A mesure que l’on s’éloigne de l’arrêt Héliotropes pour rejoindre l’avenue des Jacinthes, on est surpris par le calme ambiant : hormi quelques avions cisaillant le ciel, seul résonne le piaillement des oiseaux. Un peu de campagne au cœur de la ville. A l’angle de la rue des Mimosas et de l’avenue des Jacinthes, une splendide villa trois façades, ceinte par un muret de jardinet en briques brunes, attire le regard par la douceur de ses courbes. C’est la maison Ajoux, œuvre de l’architecte moderniste bruxellois René Ajoux. Elle est l’un des treize lieux inédits qui ouvrent leurs portes pour la première fois au public dans le cadre de la 2e édition du “Brussels Art Nouveau&Art Deco (Banad) Festival”, du 10 au 25 mars. A l’honneur cette année ? Les perles architecturales cachées et l’année Horta.

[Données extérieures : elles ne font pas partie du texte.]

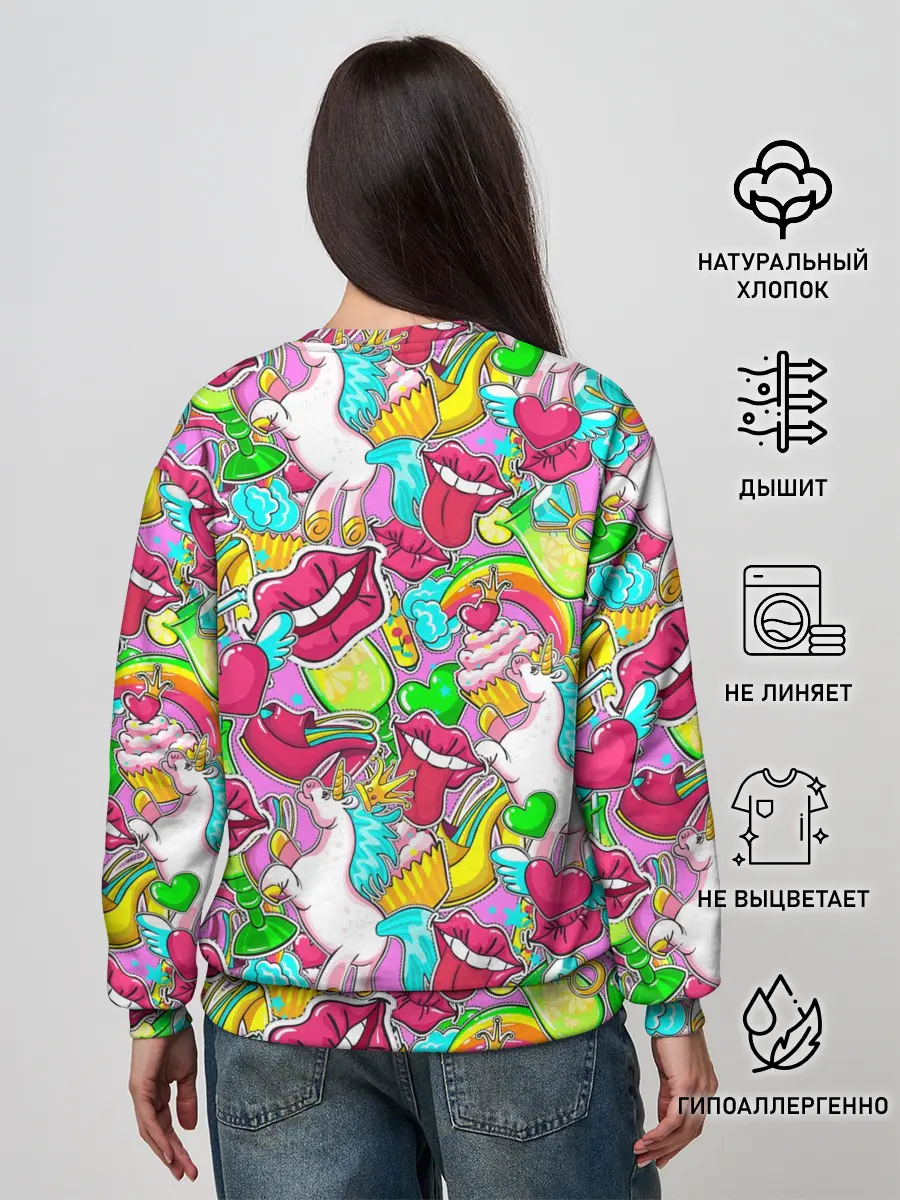 Женский свитшот / Губы фреш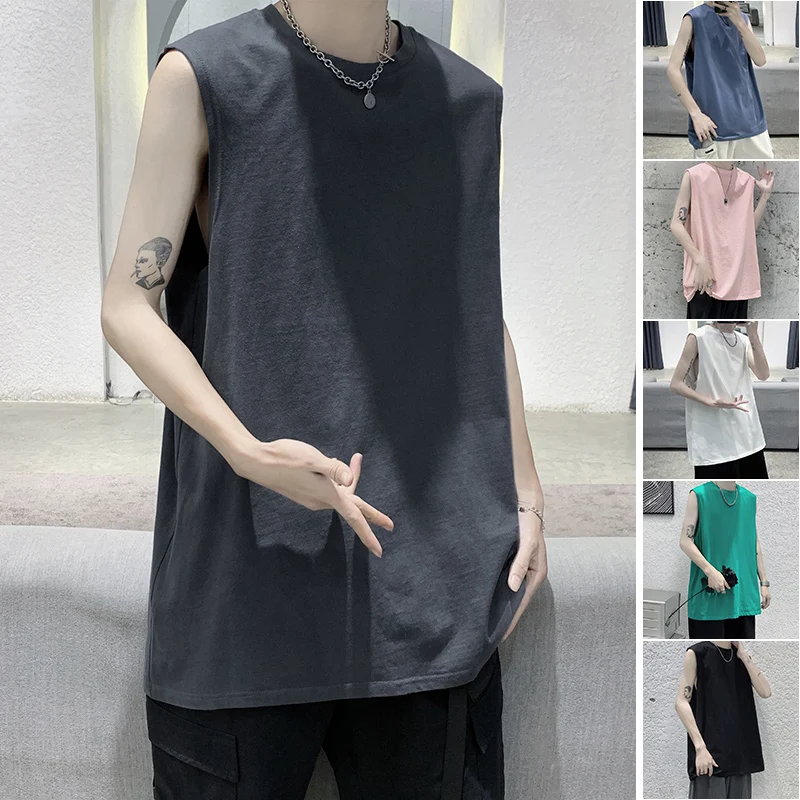 

Deep Inventory！2022Hong Kong Style Vest Men's Fashion Summer Solid Color SleevelessTT-shirt Loose Casual Bottoming Shirt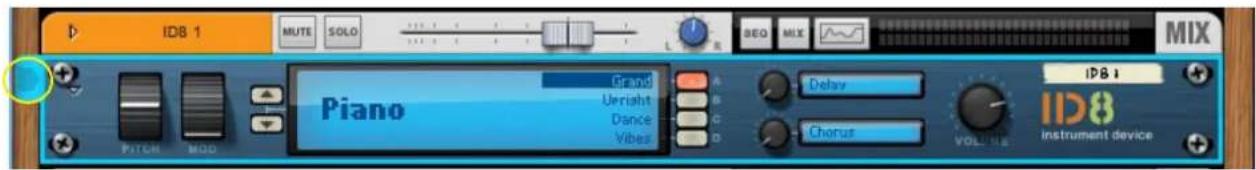 ID8 1 MUTE SOLO L R SEQ MIX MIX Piano Grand Delay ID8 1 Unright B Dance C Vibes Chorus VOLUME ID8 instrument device PITCH MOD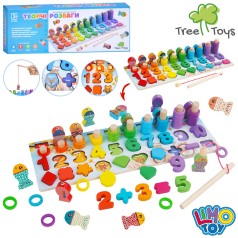 Дерев'яна іграшка Багатофункціональна дошка ігрове поле 36,5-13см, цифри (1-10), математ. 37,5-14-4,5см 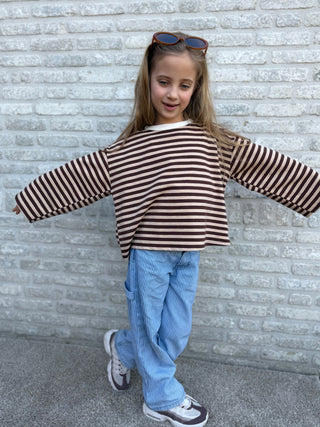 Mommy And Me Casual Striped Top / Brown-Beige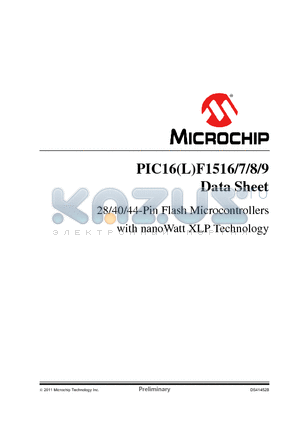 PIC16F1518 datasheet - 28/40/44-Pin Flash Microcontrollers with nanoWatt XLP Technology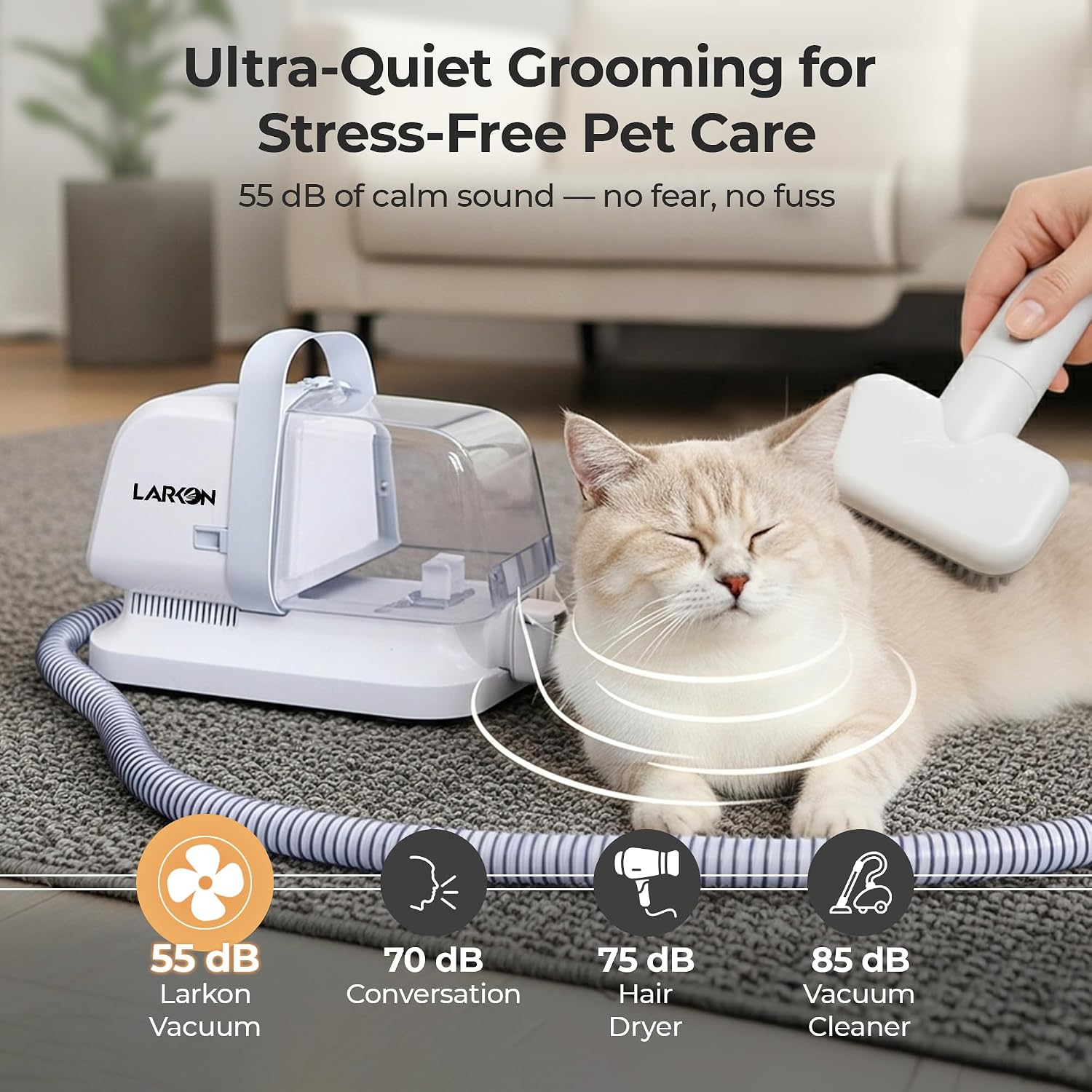 Close-up of the Larkon pet nail grinder tool attachment demonstrating safe paw care.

“Un véritable coup de cœur”
Un bref coup de sonnette et Stéphanie, propriétaire de la maison avec son compagnon Eric, nous invite aussitôt d’un chaleureux “bonjour !” à entrer dans un petit vestibule tout arrondi. Car ce qui fait le cachet de cette demeure, c’est sa conception en cercle, des pièces de vie aux éléments constitutifs du lieu.

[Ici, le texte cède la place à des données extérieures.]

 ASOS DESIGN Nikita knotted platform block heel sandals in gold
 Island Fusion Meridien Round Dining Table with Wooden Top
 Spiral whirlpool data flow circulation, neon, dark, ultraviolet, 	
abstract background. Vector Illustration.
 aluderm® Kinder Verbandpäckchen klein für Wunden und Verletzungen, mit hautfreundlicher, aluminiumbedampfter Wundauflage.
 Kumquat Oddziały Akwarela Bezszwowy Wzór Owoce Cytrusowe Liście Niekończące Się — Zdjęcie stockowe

Le hall d’entrée s’ouvre sur le salon avec bow-window baigné de lumière, la salle à manger et la cuisine, dominés par une impressionnante cage d’escalier galbée menant à l’étage. Darwin, jeune beagle de 8 mois, piaffe de joie à la vue de ses maîtres. “Cela fera un an en mai que nous habitons dans la maison”, explique Eric. Stéphanie, Darwin tout heureux sur les genoux, confirme : “Je suis fille d’architecte. J’ai donc toujours été sensibilisée à l’architecture et mon mari aussi. Nous avons tout de suite vu l’originalité et la beauté de la maison”. Lors de leur première visite, ils se souviennent avoir ressenti “un véritable coup de cœur”, en particulier pour l’élégante cage d’escalier qui structure le rez-de-chaussée. “C’était une évidence. Je voulais cette maison”, sourit Stéphanie. Curieux, le couple se renseigne sur l’architecte René Ajoux et découvre qu’il a créé d’autres édifices à Bruxelles, dont l’ancien cinéma Mirano et l’immeuble à appartements La Cascade à Ixelles.

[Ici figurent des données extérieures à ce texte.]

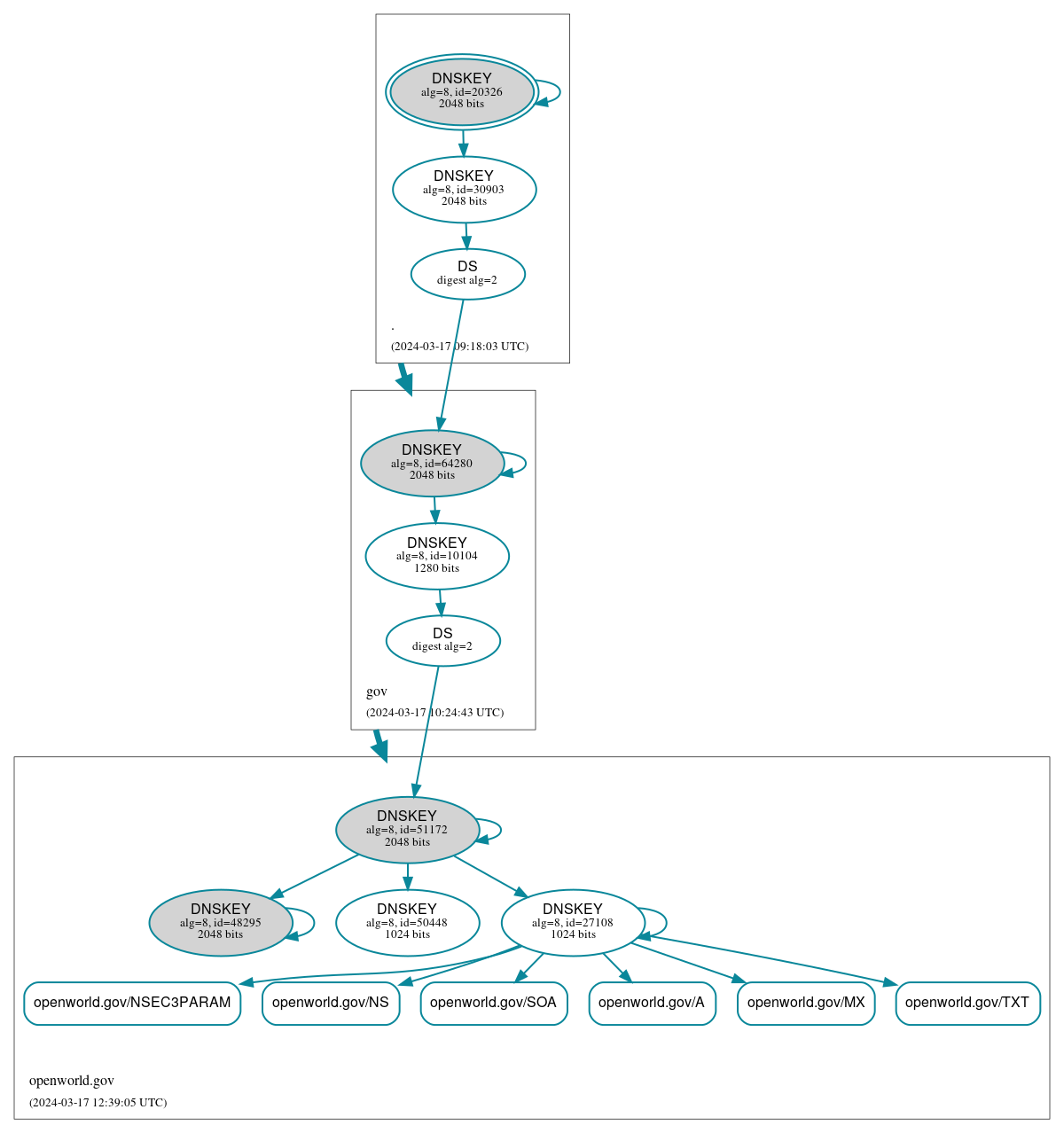 DNSSEC authentication graph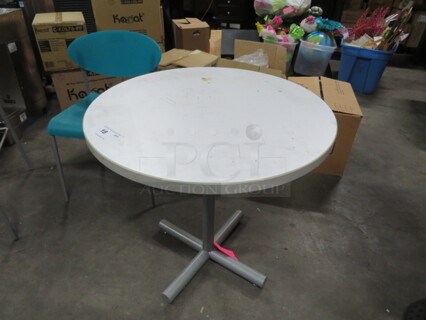 One 30X30 Table On A Pedestal Base.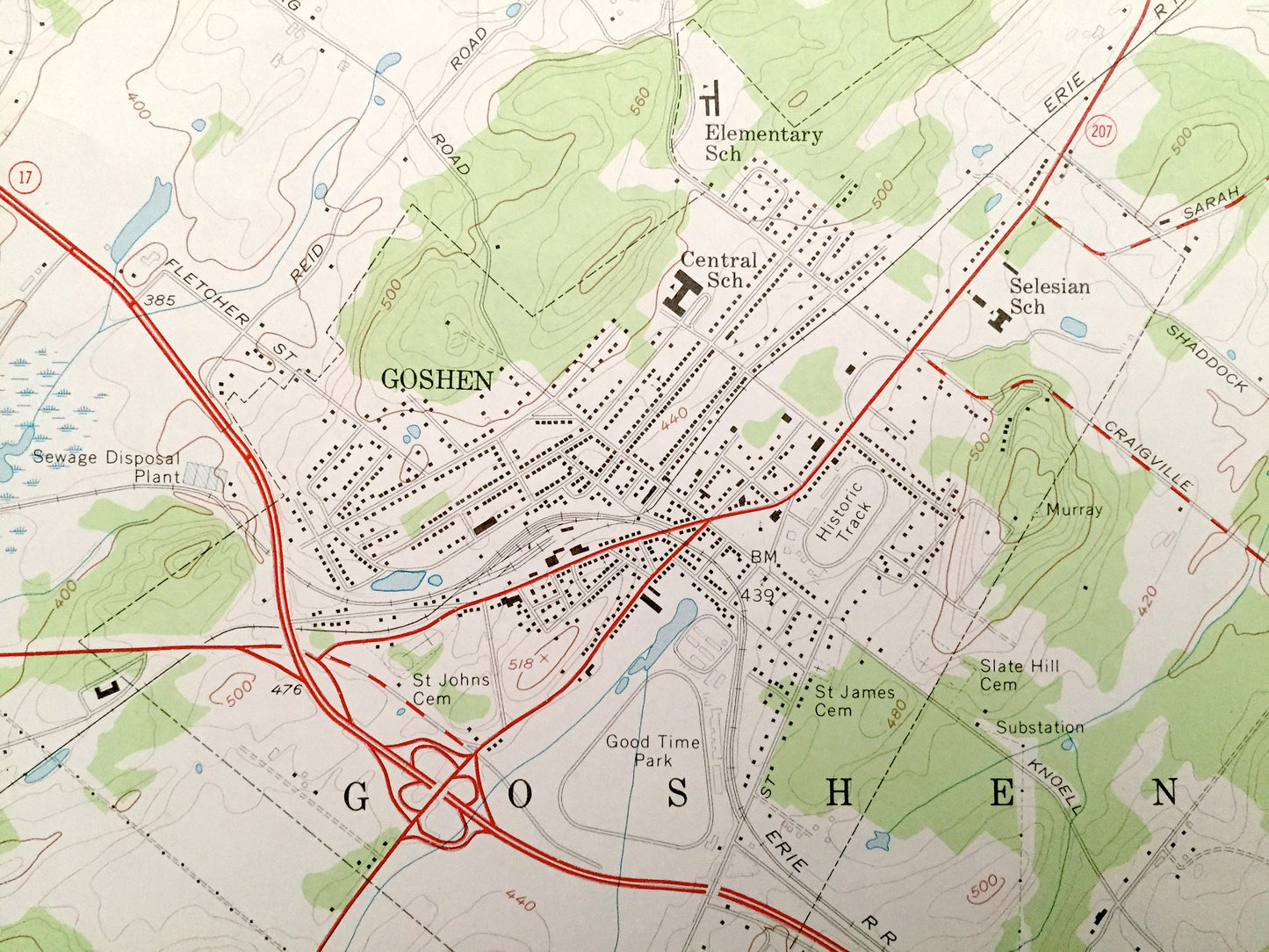 Antique Goshen, New York 1957 US Geological Survey Topographic Map – Orange County, Wallkill, Montgomery, Hamptonburgh, Blooming Grove, NY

Construite en 1935, la maison Ajoux appartient au Modernisme, soit la période qui suit celles de l’Art nouveau (1890-1910) et de l’Art déco (1920-1930). “Le Modernisme se caractérise par une architecture plus pure, plus radicale – il n’y a pas de vitraux par exemple comme on peut en retrouver dans l’Art déco, explique Jacinthe Gigou, responsable de Banad Festival. Ce qui fait vraiment la richesse des maisons de cette époque, c’est la circulation, la lumière, les espaces,…, mais pas le décor en soi”. Ici, complète-t-elle, “on est tout de même dans un modernisme qui est relativement doux puisqu’autour de cette forme circulaire, il y a un écho autour du cercle que l’on retrouve un peu partout, qui amène quelque chose de moins rigoureux que l’on peut avoir dans d’autres maisons qui sont vraiment très rectilignes, très carrées, etc. On est dans une transition entre la fin de l’Art déco et le début du Modernisme”.

Comment meubler tout ça ?
Ces galbes, ces courbes, la maison en est truffée : portes, luminaires, moulures,… “Quand nous avons emménagé, nos proches nous ont dit : ‘C’est très agréable, mais comment allez-vous mettre des meubles ?’, se rappelle Stéphanie. Ça a été dur, mais on a cherché. On a eu du mal pour dénicher ce canapé arrondi, mais on l’a trouvé”. Elle ajoute : “L’architecture d’une maison est aussi mise en valeur par ce que l’on met dedans. Il fallait donc jouer le jeu dans la décoration pour que cela soit harmonieux et cohérent”. Stéphanie et Eric ont donc joué sur les arrondis mais aussi les codes de matières et de couleurs : le velours, le doré, le noir,…


Si René Ajoux a imaginé ses plans sur une base circulaire, alliant charme et volupté, il a également gardé à l’esprit un certain pragmatisme, en prévoyant au rez-de-chaussée une pièce de bureau à la structure plus carrée pour son client qui était négociant en tissus. De même, à l’étage, il avait conçu une chambre de bonne, “signe d’un certain niveau de vie car plus beaucoup de gens n’avaient une bonne à demeure à ce moment-là”, souligne Jacinthe Gigou. “En 1935, la maison avait déjà un garage, précise Eric. Or, tout le monde ne possédait pas une voiture”. Une demeure pleine de surprises, à la frontière entre conception moderne et mode de vie bourgeois des années 30, à découvrir le samedi 24 mars, dès 10 h.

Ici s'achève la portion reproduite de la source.